Un secondo ambito è la business intelligence. Le PMI spesso rinunciano a piattaforme complesse per costi e difficoltà di gestione. Ma se l’AI consente di interrogare i dati con linguaggio naturale e ricevere alert su scostamenti dai KPI, il valore diventa accessibile a chiunque.
Infine, il tema più sottovalutato: il CRM che si alimenta da solo. In molte aziende gli appunti dei commerciali finiscono in fogli Excel o su post-it. Con un assistente vocale che trascrive e struttura le informazioni direttamente nel CRM, quei dati diventano finalmente utilizzabili per segmentare clienti, prevedere vendite e guidare campagne.
AI e persone: produttività, reskilling e motivazione
C’è un equivoco da chiarire: l’AI non elimina la domanda di sviluppatori. Anzi, la richiesta resta alta. Quello che cambia è il focus. Le attività ripetitive vengono accelerate, mentre cresce l’importanza di ruoli orientati alla definizione dei requisiti, all’architettura e alle integrazioni.
Lo stesso vale per i team business. Non serve improvvisarsi esperti di AI, ma acquisire competenze minime per validare output e capire quando un risultato è utilizzabile. Questo percorso di reskilling non solo aumenta la produttività, ma riduce anche il turnover: le persone si sentono stimolate da nuovi strumenti e vedono possibilità di crescita invece che minacce.
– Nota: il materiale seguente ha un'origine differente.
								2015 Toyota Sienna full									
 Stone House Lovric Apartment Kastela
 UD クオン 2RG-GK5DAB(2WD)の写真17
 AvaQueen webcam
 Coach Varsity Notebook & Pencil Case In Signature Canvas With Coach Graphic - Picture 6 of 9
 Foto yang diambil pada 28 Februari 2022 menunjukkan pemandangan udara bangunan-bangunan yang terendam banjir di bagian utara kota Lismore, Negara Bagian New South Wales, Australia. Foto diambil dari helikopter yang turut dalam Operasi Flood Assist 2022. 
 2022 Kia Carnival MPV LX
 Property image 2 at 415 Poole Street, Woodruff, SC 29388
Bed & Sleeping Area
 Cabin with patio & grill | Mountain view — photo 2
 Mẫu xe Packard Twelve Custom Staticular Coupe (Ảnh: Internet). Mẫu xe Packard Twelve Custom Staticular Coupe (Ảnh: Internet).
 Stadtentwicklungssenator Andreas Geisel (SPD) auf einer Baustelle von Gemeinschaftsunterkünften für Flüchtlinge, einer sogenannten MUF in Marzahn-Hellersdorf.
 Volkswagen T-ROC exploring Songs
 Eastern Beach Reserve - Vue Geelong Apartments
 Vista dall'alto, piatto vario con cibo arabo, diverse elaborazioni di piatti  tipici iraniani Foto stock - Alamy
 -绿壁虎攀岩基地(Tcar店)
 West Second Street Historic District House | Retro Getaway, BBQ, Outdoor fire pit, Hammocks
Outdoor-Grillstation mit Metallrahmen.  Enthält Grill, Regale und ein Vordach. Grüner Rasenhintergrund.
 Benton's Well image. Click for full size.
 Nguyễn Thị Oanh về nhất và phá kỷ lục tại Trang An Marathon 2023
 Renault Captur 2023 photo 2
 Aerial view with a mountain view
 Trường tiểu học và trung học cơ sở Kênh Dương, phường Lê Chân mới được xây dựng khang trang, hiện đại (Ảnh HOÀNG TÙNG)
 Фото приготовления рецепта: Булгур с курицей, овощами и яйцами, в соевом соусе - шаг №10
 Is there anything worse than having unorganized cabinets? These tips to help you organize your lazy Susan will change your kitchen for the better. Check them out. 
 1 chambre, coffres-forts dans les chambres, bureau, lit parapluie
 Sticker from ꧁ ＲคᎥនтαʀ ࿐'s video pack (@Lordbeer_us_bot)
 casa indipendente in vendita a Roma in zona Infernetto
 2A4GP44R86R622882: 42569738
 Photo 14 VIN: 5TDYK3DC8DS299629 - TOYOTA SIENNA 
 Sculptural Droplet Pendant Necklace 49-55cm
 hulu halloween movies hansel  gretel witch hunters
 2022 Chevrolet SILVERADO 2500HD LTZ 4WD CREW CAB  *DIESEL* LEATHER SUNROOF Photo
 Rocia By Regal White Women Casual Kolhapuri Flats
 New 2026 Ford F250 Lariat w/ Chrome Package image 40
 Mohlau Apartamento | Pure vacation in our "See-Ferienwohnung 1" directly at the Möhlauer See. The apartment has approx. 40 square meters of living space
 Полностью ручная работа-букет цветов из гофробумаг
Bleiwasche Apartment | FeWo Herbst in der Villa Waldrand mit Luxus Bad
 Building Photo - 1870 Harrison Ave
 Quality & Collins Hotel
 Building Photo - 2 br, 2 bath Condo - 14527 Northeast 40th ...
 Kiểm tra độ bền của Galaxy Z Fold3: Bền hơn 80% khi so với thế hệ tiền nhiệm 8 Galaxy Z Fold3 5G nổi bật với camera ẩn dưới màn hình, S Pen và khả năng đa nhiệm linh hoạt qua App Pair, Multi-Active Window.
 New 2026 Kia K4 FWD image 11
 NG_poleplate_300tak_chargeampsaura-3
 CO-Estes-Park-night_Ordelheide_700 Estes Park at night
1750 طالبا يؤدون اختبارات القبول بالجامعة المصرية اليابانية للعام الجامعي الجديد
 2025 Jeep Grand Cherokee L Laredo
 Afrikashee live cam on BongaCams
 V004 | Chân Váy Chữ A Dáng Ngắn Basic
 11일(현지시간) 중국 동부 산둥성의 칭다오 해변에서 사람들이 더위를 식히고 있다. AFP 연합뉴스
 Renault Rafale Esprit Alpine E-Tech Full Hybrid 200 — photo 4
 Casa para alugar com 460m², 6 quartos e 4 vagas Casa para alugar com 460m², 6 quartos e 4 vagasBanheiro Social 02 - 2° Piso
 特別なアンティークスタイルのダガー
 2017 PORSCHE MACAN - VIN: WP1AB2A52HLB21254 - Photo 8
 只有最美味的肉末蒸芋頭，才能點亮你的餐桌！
La lezione di SR Labs: dall’eye tracking agli insight “actionable”
SR Labs è un esempio concreto di come una tecnologia di nicchia, l’eye tracking, possa diventare la base per servizi innovativi. Con la piattaforma iSpot l’azienda offre studi di neuromarketing e UX in modalità self-service. Ma il valore non è solo nei dati grezzi: è nella loro interpretazione.
Qui entra in gioco l’AI, che può trasformare numeri e heatmap in suggerimenti operativi. In questo modo anche un direttore marketing senza competenze tecniche può capire cosa migliorare in un packaging o in un sito web. È la stessa logica che può essere applicata in tanti altri settori: l’AI non sostituisce, ma amplifica l’impatto del dato.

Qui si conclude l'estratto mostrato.